Once activated, the kinase domain transfers a phosphate group from ATP to selected tyrosine side chains, both on the receptor proteins themselves and on intracellular signaling proteins that subsequently bind to the phosphorylated receptors. How does the binding of an extracellular ligand activate the kinase domain on the other side of the plasma membrane? For a G-protein-linked receptor, ligand binding is thought to change the relative orientation of several of the transmembrane α helices, thereby shifting the position of the cytoplasmic loops relative to each other. For the enzyme-linked receptors, two or more receptor chains come together in the membrane, forming a dimer or higher oligomer.

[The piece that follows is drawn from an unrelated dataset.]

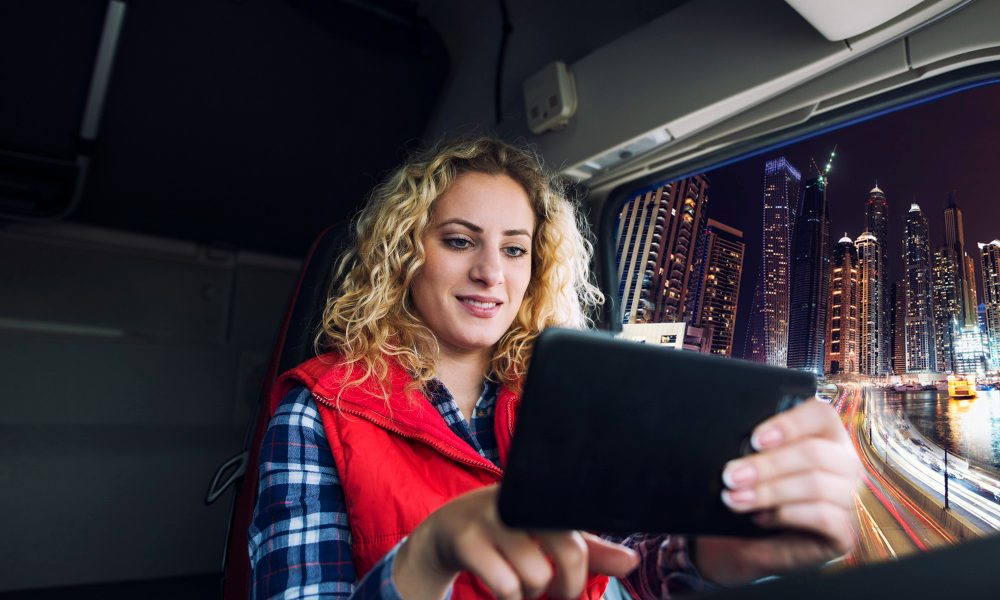 Britain’s Fastest Broadband Provider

The rearrangement induced in cytosolic tails of the receptors initiates the intracellular signaling process. For receptor tyrosine kinases, the rearrangement enables the neighboring kinase domains of the receptor chains to cross-phosphorylate each other on multiple tyrosines, a process referred to as autophosphorylation. To activate a receptor tyrosine kinase the ligand usually has to bind simultaneously to two adjacent receptor chains. Autophosphorylation of the cytosolic tail of receptor tyrosine kinases contributes to the activation process in two ways.

First, phosphorylation of tyrosines within the kinase domain increases the kinase activity of the enzyme. Second, phosphorylation of tyrosines outside the kinase domain creates high-affinity docking sites for the binding of a number of intracellular signaling proteins in the target cell. Each type of signaling protein binds to a different phosphorylated site on the activated receptor because it contains a specific phosphotyrosine-binding domain that recognizes surrounding features of the polypeptide chain in addition to the phosphotyrosine.

Once bound to the activated kinase, the signaling protein may itself become phosphorylated on tyrosines and thereby activated; alternatively, the binding alone may be sufficient to activate the docked signaling protein. In summary, autophosphorylation serves as a switch to trigger the transient assembly of a large intracellular signaling complex, which then broadcasts signals along multiple routes to many destinations in the cell.